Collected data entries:
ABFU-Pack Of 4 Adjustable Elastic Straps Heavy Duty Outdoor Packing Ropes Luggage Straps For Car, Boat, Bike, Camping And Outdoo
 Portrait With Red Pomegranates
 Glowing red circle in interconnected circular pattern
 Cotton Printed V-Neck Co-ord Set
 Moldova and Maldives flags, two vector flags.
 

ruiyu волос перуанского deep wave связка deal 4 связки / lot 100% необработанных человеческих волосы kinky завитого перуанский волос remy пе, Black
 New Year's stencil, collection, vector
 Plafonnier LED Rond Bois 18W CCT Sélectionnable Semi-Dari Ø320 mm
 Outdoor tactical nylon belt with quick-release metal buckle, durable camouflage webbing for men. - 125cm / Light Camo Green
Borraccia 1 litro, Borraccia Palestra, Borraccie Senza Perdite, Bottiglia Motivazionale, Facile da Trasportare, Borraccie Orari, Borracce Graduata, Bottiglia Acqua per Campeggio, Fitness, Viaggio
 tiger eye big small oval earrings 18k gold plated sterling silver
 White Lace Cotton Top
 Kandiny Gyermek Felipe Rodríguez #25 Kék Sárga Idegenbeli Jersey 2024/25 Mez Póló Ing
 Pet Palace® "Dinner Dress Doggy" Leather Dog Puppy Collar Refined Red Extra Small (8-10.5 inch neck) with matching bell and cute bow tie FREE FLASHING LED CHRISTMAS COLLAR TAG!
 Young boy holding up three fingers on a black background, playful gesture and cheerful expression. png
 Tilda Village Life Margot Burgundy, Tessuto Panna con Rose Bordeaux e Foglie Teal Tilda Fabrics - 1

▸ **What the exercise asks**:
Give exactly, and nothing besides, the lines from the one in which "Borraccia 1 litro, Borraccia" occurs through the end of the records.

▸ **Exercise answer**:
Borraccia 1 litro, Borraccia Palestra, Borraccie Senza Perdite, Bottiglia Motivazionale, Facile da Trasportare, Borraccie Orari, Borracce Graduata, Bottiglia Acqua per Campeggio, Fitness, Viaggio
 tiger eye big small oval earrings 18k gold plated sterling silver
 White Lace Cotton Top
 Kandiny Gyermek Felipe Rodríguez #25 Kék Sárga Idegenbeli Jersey 2024/25 Mez Póló Ing
 Pet Palace® "Dinner Dress Doggy" Leather Dog Puppy Collar Refined Red Extra Small (8-10.5 inch neck) with matching bell and cute bow tie FREE FLASHING LED CHRISTMAS COLLAR TAG!
 Young boy holding up three fingers on a black background, playful gesture and cheerful expression. png
 Tilda Village Life Margot Burgundy, Tessuto Panna con Rose Bordeaux e Foglie Teal Tilda Fabrics - 1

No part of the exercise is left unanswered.